▶ _EXERCISE INSTRUCTIONS_
Please repeat each line below exactly, with no images in the copy.
········
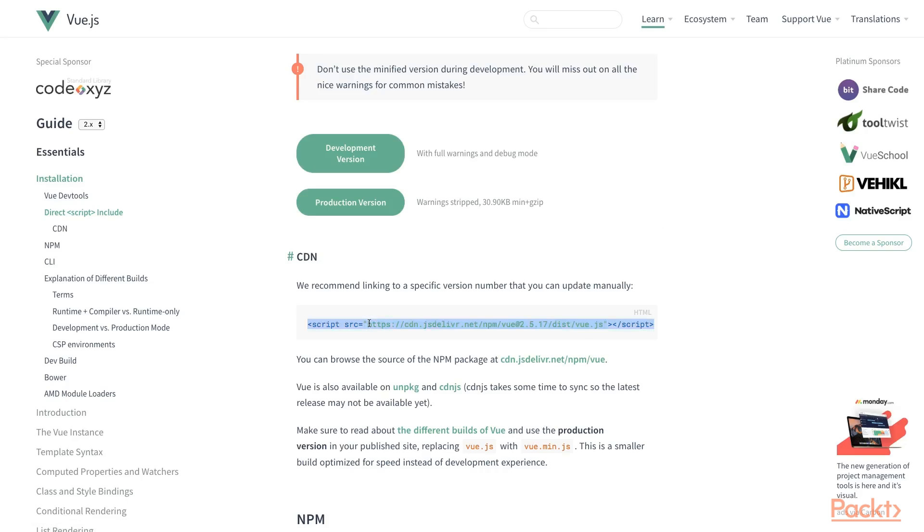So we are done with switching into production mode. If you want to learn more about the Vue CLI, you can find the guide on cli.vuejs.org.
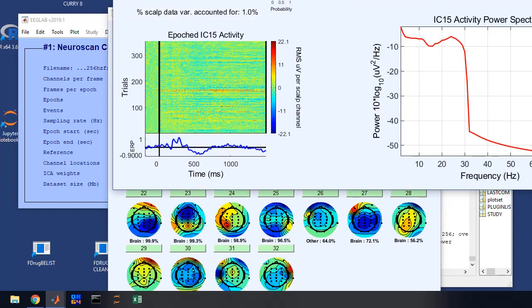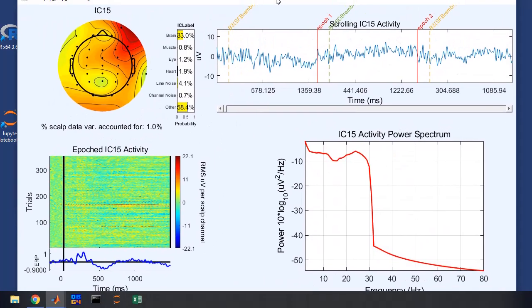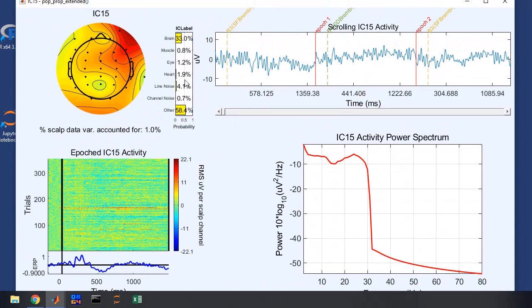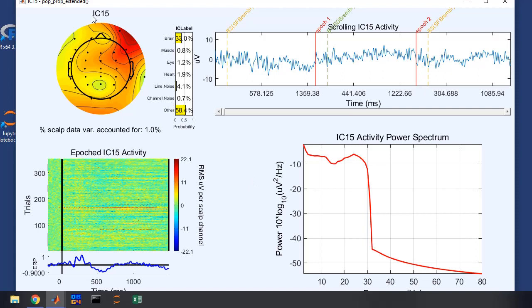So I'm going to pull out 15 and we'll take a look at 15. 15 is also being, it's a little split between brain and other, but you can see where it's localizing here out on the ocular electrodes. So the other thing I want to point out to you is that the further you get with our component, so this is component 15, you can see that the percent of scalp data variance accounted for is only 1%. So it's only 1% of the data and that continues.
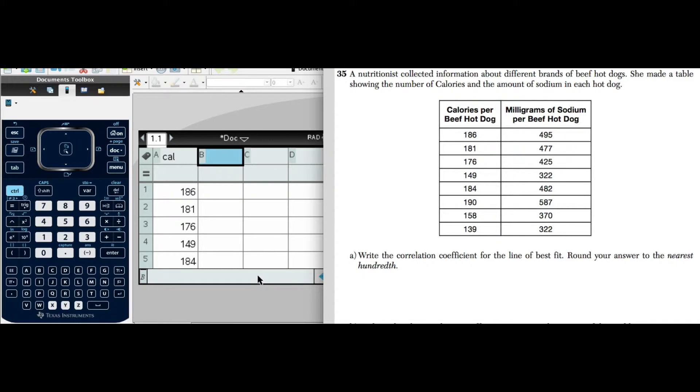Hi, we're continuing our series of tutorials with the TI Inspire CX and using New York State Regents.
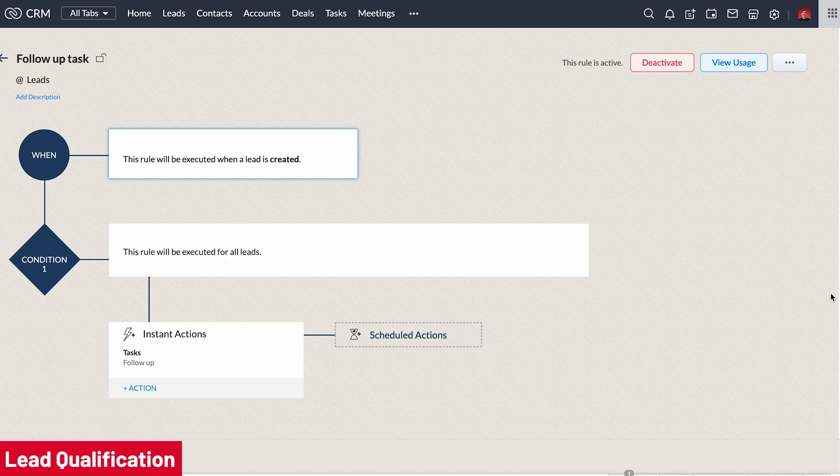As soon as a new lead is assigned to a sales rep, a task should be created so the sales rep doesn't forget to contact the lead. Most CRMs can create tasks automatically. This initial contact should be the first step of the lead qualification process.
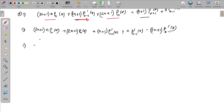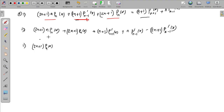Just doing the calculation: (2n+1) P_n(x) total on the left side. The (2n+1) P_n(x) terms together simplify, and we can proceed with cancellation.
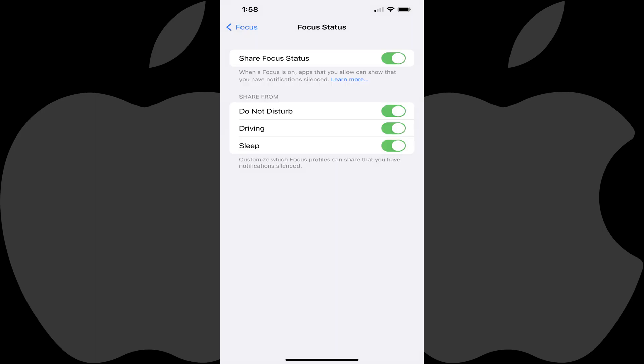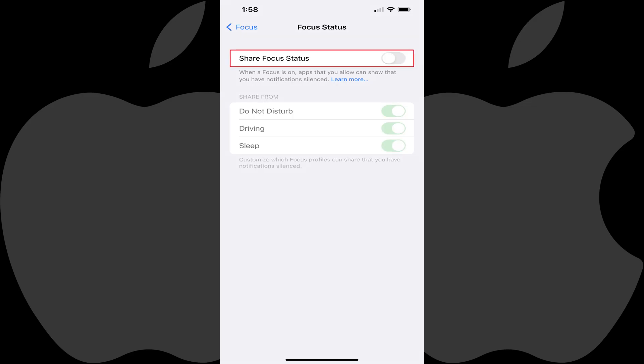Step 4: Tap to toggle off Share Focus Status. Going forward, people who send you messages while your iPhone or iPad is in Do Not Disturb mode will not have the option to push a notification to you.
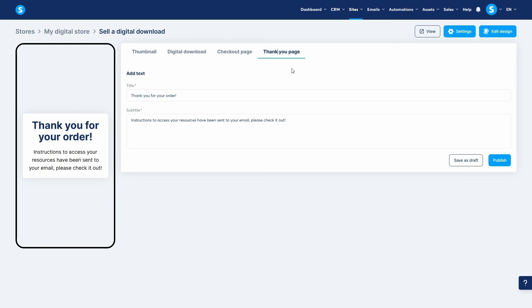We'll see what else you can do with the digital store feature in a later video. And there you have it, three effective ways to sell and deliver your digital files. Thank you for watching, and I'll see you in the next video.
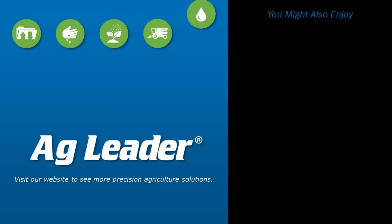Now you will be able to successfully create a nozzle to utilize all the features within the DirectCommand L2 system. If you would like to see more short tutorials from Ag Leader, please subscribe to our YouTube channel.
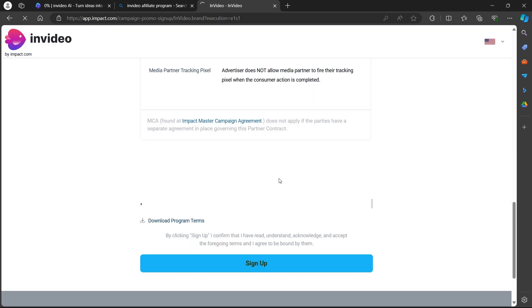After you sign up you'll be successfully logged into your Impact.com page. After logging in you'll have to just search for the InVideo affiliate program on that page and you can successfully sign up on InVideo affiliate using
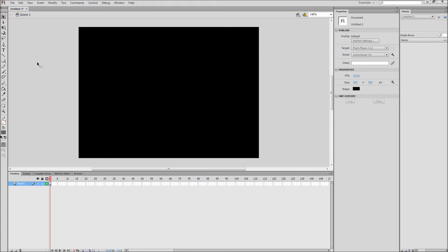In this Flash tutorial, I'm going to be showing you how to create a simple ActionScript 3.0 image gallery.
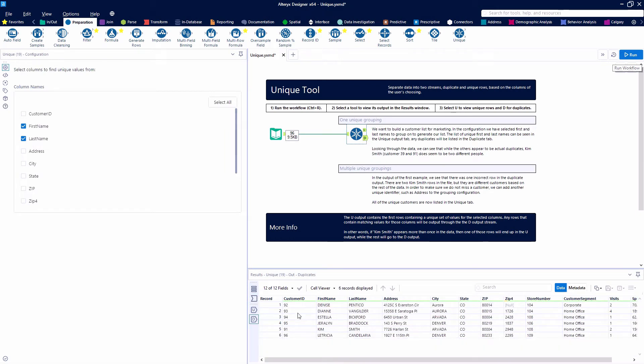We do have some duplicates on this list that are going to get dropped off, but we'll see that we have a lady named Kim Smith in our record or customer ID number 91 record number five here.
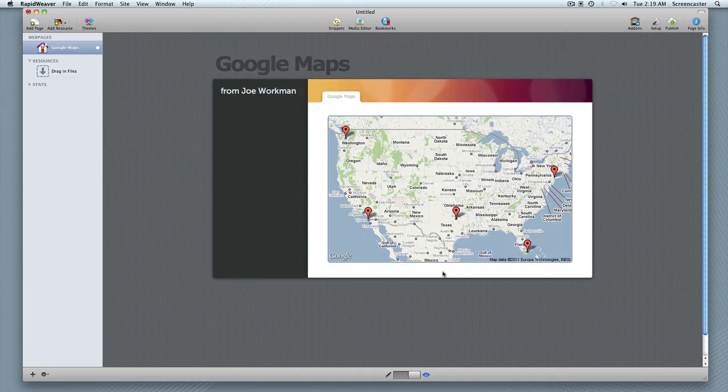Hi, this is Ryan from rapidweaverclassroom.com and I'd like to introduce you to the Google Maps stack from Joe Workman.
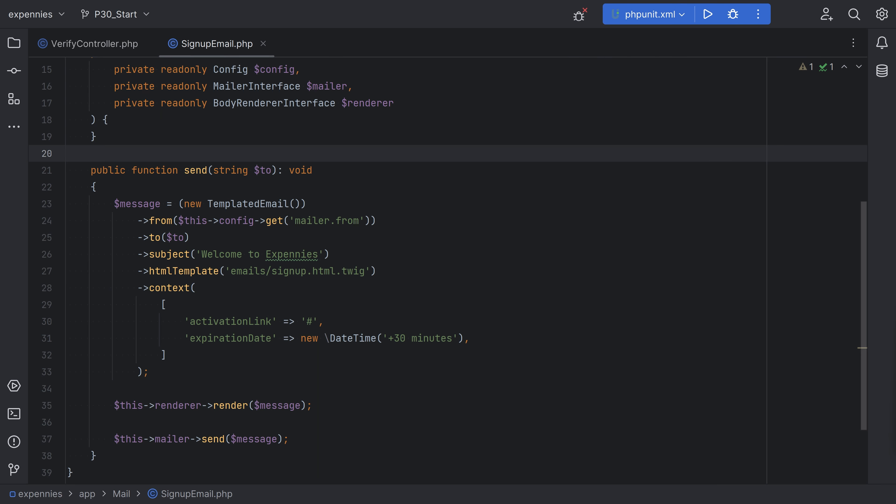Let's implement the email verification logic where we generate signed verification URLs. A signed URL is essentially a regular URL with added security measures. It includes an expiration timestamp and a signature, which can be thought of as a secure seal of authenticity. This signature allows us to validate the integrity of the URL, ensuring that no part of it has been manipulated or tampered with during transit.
········
▶ _EXPECTED ANSWER_
So we are done with switching into production mode. If you want to learn more about the Vue CLI, you can find the guide on cli.vuejs.org.
So I'm going to pull out 15 and we'll take a look at 15. 15 is also being, it's a little split between brain and other, but you can see where it's localizing here out on the ocular electrodes. So the other thing I want to point out to you is that the further you get with our component, so this is component 15, you can see that the percent of scalp data variance accounted for is only 1%. So it's only 1% of the data and that continues.
Hi, we're continuing our series of tutorials with the TI Inspire CX and using New York State Regents.
As soon as a new lead is assigned to a sales rep, a task should be created so the sales rep doesn't forget to contact the lead. Most CRMs can create tasks automatically. This initial contact should be the first step of the lead qualification process.
Just doing the calculation: (2n+1) P_n(x) total on the left side. The (2n+1) P_n(x) terms together simplify, and we can proceed with cancellation.
Step 4: Tap to toggle off Share Focus Status. Going forward, people who send you messages while your iPhone or iPad is in Do Not Disturb mode will not have the option to push a notification to you.
We'll see what else you can do with the digital store feature in a later video. And there you have it, three effective ways to sell and deliver your digital files. Thank you for watching, and I'll see you in the next video.
Now you will be able to successfully create a nozzle to utilize all the features within the DirectCommand L2 system. If you would like to see more short tutorials from Ag Leader, please subscribe to our YouTube channel.
After you sign up you'll be successfully logged into your Impact.com page. After logging in you'll have to just search for the InVideo affiliate program on that page and you can successfully sign up on InVideo affiliate using
In this Flash tutorial, I'm going to be showing you how to create a simple ActionScript 3.0 image gallery.
We do have some duplicates on this list that are going to get dropped off, but we'll see that we have a lady named Kim Smith in our record or customer ID number 91 record number five here.
Hi, this is Ryan from rapidweaverclassroom.com and I'd like to introduce you to the Google Maps stack from Joe Workman.
Let's implement the email verification logic where we generate signed verification URLs. A signed URL is essentially a regular URL with added security measures. It includes an expiration timestamp and a signature, which can be thought of as a secure seal of authenticity. This signature allows us to validate the integrity of the URL, ensuring that no part of it has been manipulated or tampered with during transit.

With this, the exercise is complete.